Work instruction:
From the entries below, return exactly the lines beginning at the one that contains "Personalised Cow Barn" and ending at the one that contains "10kt White Gold", both of them included, and only those lines.

Data records
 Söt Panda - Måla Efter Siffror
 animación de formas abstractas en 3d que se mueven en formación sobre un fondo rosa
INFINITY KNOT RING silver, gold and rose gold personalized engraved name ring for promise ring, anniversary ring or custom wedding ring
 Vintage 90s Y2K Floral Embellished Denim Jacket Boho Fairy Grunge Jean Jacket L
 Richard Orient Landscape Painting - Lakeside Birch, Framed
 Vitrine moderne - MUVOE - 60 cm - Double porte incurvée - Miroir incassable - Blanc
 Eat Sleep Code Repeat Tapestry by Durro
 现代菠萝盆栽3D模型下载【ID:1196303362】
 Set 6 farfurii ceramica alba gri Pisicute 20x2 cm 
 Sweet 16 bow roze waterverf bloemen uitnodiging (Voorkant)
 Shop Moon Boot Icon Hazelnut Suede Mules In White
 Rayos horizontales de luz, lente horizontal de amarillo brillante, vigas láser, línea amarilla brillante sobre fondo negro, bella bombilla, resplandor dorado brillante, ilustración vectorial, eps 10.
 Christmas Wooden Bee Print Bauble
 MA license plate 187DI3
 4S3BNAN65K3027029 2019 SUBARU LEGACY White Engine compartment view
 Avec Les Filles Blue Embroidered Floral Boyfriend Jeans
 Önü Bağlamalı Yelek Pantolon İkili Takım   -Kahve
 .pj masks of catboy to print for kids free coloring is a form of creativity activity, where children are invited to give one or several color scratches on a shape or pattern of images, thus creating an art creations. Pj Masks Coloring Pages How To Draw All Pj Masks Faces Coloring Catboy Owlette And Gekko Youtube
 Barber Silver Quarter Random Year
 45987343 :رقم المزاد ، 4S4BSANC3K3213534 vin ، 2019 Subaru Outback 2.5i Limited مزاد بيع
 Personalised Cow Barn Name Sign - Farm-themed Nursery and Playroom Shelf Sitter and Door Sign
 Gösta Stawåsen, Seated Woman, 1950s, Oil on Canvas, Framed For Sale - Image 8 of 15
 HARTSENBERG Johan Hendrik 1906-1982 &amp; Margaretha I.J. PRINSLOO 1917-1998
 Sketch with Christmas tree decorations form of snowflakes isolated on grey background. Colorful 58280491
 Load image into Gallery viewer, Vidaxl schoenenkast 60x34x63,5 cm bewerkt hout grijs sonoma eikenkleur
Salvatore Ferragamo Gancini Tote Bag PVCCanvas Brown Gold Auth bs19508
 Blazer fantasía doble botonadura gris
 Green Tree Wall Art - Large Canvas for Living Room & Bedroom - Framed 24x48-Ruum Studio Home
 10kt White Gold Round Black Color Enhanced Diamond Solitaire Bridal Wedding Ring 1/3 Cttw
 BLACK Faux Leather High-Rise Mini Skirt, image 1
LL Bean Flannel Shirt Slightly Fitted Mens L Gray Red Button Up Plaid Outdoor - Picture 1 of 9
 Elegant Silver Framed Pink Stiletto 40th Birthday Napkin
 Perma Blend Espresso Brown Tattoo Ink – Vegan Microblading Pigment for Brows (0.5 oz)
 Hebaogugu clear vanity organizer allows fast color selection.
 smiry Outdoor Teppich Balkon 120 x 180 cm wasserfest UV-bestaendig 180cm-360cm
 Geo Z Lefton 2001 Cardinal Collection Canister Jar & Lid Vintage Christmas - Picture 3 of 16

Exercise answer:
 Personalised Cow Barn Name Sign - Farm-themed Nursery and Playroom Shelf Sitter and Door Sign
 Gösta Stawåsen, Seated Woman, 1950s, Oil on Canvas, Framed For Sale - Image 8 of 15
 HARTSENBERG Johan Hendrik 1906-1982 &amp; Margaretha I.J. PRINSLOO 1917-1998
 Sketch with Christmas tree decorations form of snowflakes isolated on grey background. Colorful 58280491
 Load image into Gallery viewer, Vidaxl schoenenkast 60x34x63,5 cm bewerkt hout grijs sonoma eikenkleur
Salvatore Ferragamo Gancini Tote Bag PVCCanvas Brown Gold Auth bs19508
 Blazer fantasía doble botonadura gris
 Green Tree Wall Art - Large Canvas for Living Room & Bedroom - Framed 24x48-Ruum Studio Home
 10kt White Gold Round Black Color Enhanced Diamond Solitaire Bridal Wedding Ring 1/3 Cttw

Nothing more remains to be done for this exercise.